Much like other iterative algorithms such as Gradient Descent, the basic idea behind PLA is to start with an initial guess for the boundary and iteratively improve it. At each iteration, the boundary is updated to move closer to an optimal solution. This update process is driven by minimizing a loss function that quantifies the misclassification error.
Notation
Let us denote the matrix of data points as
$\mathbf{X} = [\mathbf{x}_1, \mathbf{x}_2, \dots, \mathbf{x}_N] \in \mathbb{R}^{d \times N}$,
where each column $\mathbf{x}_i \in \mathbb{R}^{d \times 1}$ represents a data point in $d$-dimensional space. (Note: data points are represented as column vectors for convenience)

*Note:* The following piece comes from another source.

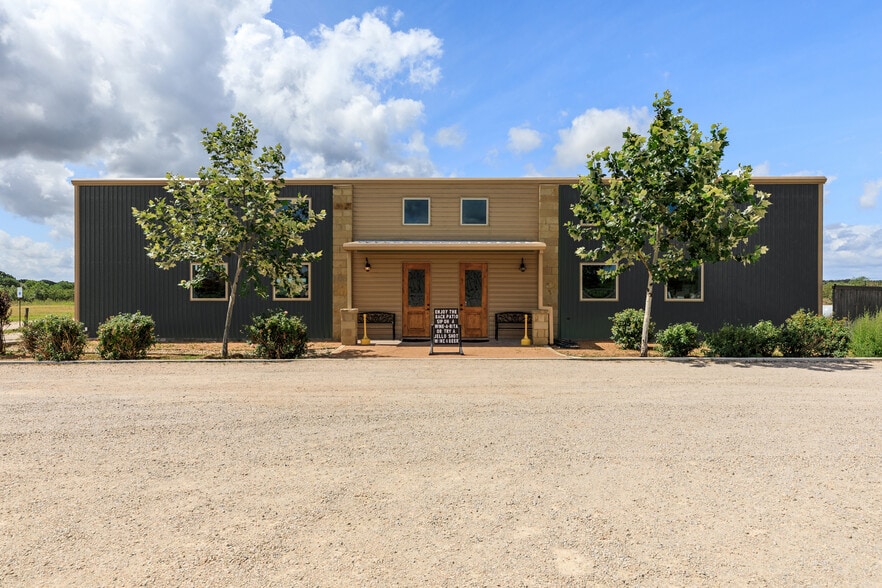 9973 E US Highway 290, Fredericksburg, TX for sale - Primary Photo - Image 1 of 1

Assume that the corresponding labels are stored in a row vector
$\mathbf{y} = [y_1, y_2, \dots, y_N] \in \mathbb{R}^{1 \times N}$,
where
$y_i = 1$ if $\mathbf{x}_i$ belongs to class 1 (blue), and $y_i = -1$ if $\mathbf{x}_i$ belongs to class 2 (red).
At any given point in the algorithm, suppose we have identified a linear boundary, which can be described by the equation:
\[\begin{aligned} f_{\mathbf{w}}(\mathbf{x}) &= w_1 x_1 + \dots + w_d x_d + w_0 = \mathbf{w}^T \mathbf{\bar{x}} = 0 \end{aligned}\]where $\mathbf{w} \in \mathbb{R}^{d+1}$ is the weight vector, and $\mathbf{\bar{x}} = [x_1, x_2, \dots, x_d, 1]^T \in \mathbb{R}^{d+1}$ is the augmented data point (including a bias term).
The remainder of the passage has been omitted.